Pictures are to be left out, and only the lines below starting at the one with "OPULIZE Ava Reading" and ending at the one with "婴儿换篮，手工编织的棉绳摩西篮，更换用睡篮和床垫(米色和棕色)-8" are to be reproduced, each exactly, both ends included.

═══ DATA FOR ANALYSIS

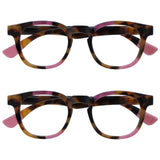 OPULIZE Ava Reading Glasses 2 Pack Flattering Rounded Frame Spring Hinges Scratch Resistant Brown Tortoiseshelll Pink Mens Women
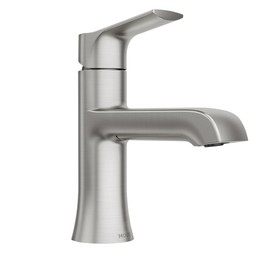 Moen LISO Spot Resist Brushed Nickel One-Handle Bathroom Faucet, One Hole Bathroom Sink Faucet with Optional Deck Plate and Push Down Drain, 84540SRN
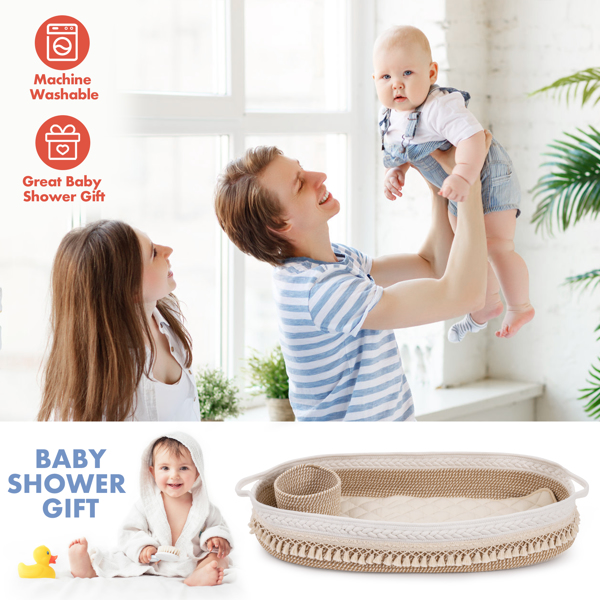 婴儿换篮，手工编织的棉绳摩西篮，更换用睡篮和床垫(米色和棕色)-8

══════
═══ DATA FOR ANALYSIS

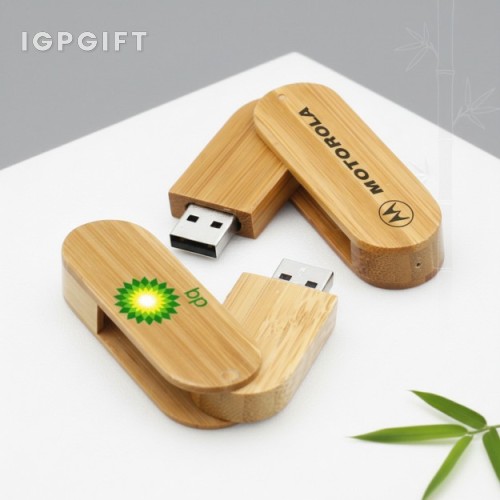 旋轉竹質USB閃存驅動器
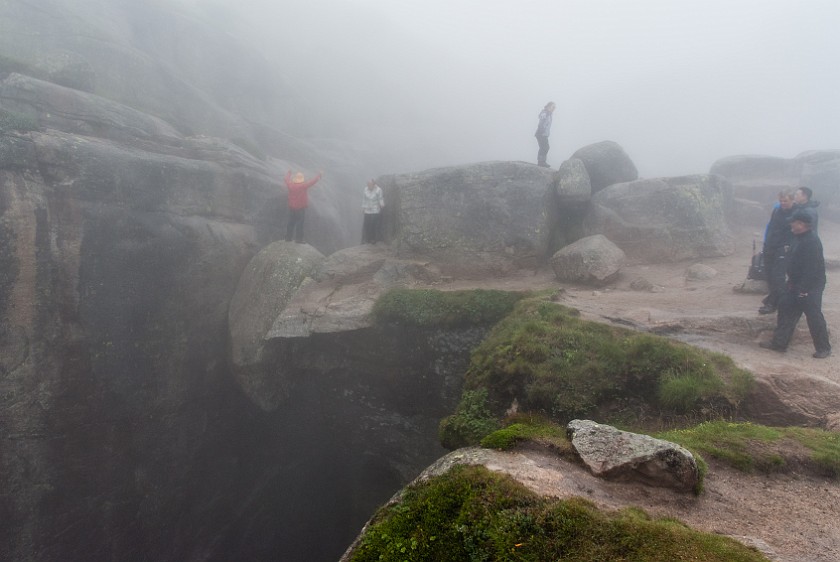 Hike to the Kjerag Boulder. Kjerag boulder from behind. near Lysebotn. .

══════
═══ DATA FOR ANALYSIS

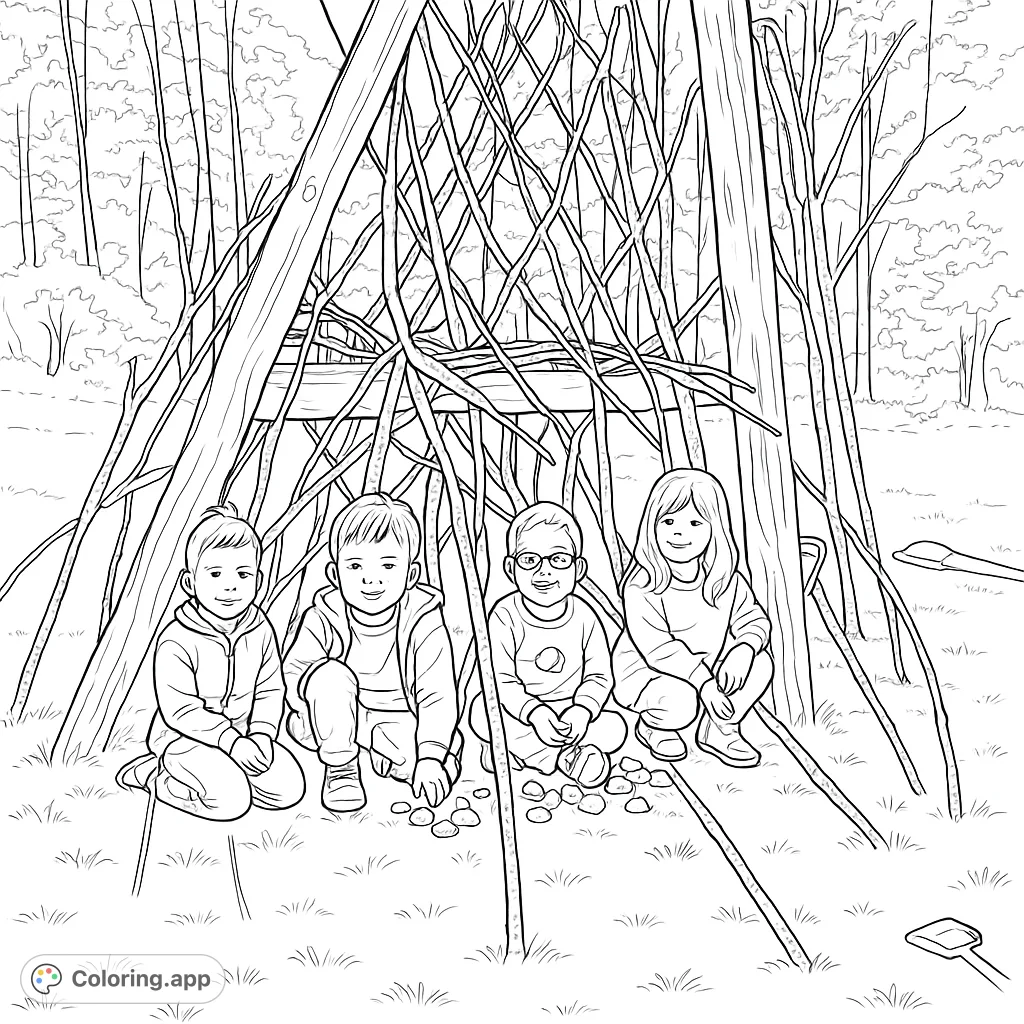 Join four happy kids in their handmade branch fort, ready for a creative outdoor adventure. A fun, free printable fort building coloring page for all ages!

══════

(RESPONSE BELOW)
 OPULIZE Ava Reading Glasses 2 Pack Flattering Rounded Frame Spring Hinges Scratch Resistant Brown Tortoiseshelll Pink Mens Women
 Moen LISO Spot Resist Brushed Nickel One-Handle Bathroom Faucet, One Hole Bathroom Sink Faucet with Optional Deck Plate and Push Down Drain, 84540SRN
 婴儿换篮，手工编织的棉绳摩西篮，更换用睡篮和床垫(米色和棕色)-8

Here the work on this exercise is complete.